In our example we will use the OpenNetworkLinux KVM image (ONL9) this is the recommended build from INTEL/BAREFOOT for SDE-9.2.0.

and we add a network interface bridged to our laptop RJ45 connection.

mkdir -p ~/freeRouter/bin ~/freeRouter/lib ~/freeRouter/etc ~/freeRouter/log
cd ~/freeRouter/lib
wget http://freerouter.nop.hu/rtr.jar
Update & Upgrade system
tree freeRouter
freeRouter
├── bin   # binary files      
├── etc   # configuration files      
├── lib   # library files      
└── log   # log files      

get freeRouter net-tools tarball
wget freerouter.nop.hu/rtr.tar
Install build tools
tar xvf rtr.tar -C ~/freeRouter/bin/

For those you would like to rebuild these binaries you can find the compilation shell script in freeRouter cloned git repository in: ~/freeRouter/src/native/c.sh

In that section, you'll need to get access to INTEL/BAREFOOT Software Development Environment. For Research & Academia institution, you can apply here in order to become a FASTER member and access to INTEL/BAREFOOT resources. You can find here, a document installing INTEL/BAREFOOT SDE on ONL for a WEDGE100BF32X system. In our case, we are setting up the following environment:

  • ONL9 as VM guest with kernel 8192 Mb of RAM and 2 vCPU
  • SDE 9.2.0
  • VirtualBox is running on MACOSX host

Just for the sake of example, SDE 9.2.0 is installed in root home directory:

SDE installation environment
export SDE=/root/bf-sde-9.2.0
export SDE_INSTALL=/root/bf-sde-9.2.0/install
export PATH=$PATH:$SDE_INSTALL/bin:$SDE/tools

TOFINO RARE bitbucket is a private repository. It is currently being reworked in order to make it public as per INTEL/BAREFOOT decision to make P4 code related to TOFINO architecture public. (It is thus inaccessible for now but will be opened to the public soon.)

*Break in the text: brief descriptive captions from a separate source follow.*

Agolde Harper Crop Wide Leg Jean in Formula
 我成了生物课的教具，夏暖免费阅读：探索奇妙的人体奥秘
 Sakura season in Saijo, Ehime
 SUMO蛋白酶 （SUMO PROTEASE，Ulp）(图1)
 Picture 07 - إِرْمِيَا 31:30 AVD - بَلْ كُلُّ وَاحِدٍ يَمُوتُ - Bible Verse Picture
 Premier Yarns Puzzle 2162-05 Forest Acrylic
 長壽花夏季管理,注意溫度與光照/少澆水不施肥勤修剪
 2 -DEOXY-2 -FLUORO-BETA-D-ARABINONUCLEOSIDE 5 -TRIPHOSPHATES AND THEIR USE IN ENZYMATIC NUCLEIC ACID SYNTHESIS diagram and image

Clone RARE code from repository
cd ~/
git clone https://bitbucket.software.geant.org/scm/rare/rare.git
compile RARE bf_router.p4
p4_build.sh -I /root/rare/p4src/ -DHAVE_MPLS /root/rare/p4src/bf_router.p4 
Using SDE          /root/bf-sde-9.2.0
Using SDE_INSTALL /root/bf-sde-9.2.0/install
Using SDE version bf-sde-9.2.0

OS Name: Ubuntu 18.04.4 LTS
This system has 8GB of RAM and 1 CPU(s)
Parallelization:  Recommended: -j1   Actual: -j1

Compiling for p4_16/tna
P4 compiler path:    /root/bf-sde-9.2.0/install/bin/p4c
P4 compiler version: 9.2.0 (SHA: 639d9ec) (p4c-based)
Build Dir: /root/bf-sde-9.2.0/build/p4-build/bf_router
 Logs Dir: /root/bf-sde-9.2.0/logs/p4-build/bf_router

  Building bf_router        CLEAR CONFIGURE MAKE INSTALL ... DONE

FreeRouter uses 2 configuration files in order to run, let's write these configuration files for R1 in ~/freeRouter/etc

freeRouter hardware configuration file: tna-freerouter-hw.txt
int eth0 eth 0000.1111.00fb 127.0.0.1 22710 127.0.0.1 22709
tcp2vrf 2323 v1 23
tcp2vrf 9080 v1 9080
freeRouter software configuration file: tna-freerouter-sw.txt
hostname tna-freerouter
buggy
!
!
vrf definition v1
 exit
!
interface ethernet0
 description freerouter@P4_CPU_PORT[veth251]
 no shutdown
 no log-link-change
 exit
!
interface sdn1
 description freerouter@sdn1[enp0s3]
 mtu 9000
 macaddr 0072.3e18.1b6f
 vrf forwarding v1
 ipv4 address 192.168.0.131 255.255.255.0
 ipv6 address 2a01:e0a:159:2850::666 ffff:ffff:ffff:ffff::
 ipv6 enable
 no shutdown
 no log-link-change
 exit
!
!
!
!
!
!
!
!
!
!
!
!
!
!
server telnet tel
 security protocol telnet
 no exec authorization
 no login authentication
 vrf v1
 exit
!
server p4lang p4
 export-vrf v1 1
 export-port sdn1 0 10
 interconnect ethernet0
 vrf v1
 exit
!
client tcp-checksum transmit
!
end
Setup bf_switchd dataplane communication channel via veth pair and interface adjustment (disable IPv6 at VM guest level, MTU 10240, disable TCP offload etc.)
echo 1 > /proc/sys/net/ipv6/conf/all/disable_ipv6
echo 1 > /proc/sys/net/ipv6/conf/default/disable_ipv6

ip link add veth251 type veth peer name veth250
ip link set veth250  up 
ip link set veth251  up 

ifconfig enp0s3 promisc
ifconfig veth250 promisc
ifconfig veth251 promisc

ip link set dev veth250 up mtu 10240
ip link set dev veth251 up mtu 10240
ip link set dev enp0s3 up mtu 10240
export TOE_OPTIONS="rx tx sg tso ufo gso gro lro rxvlan txvlan rxhash"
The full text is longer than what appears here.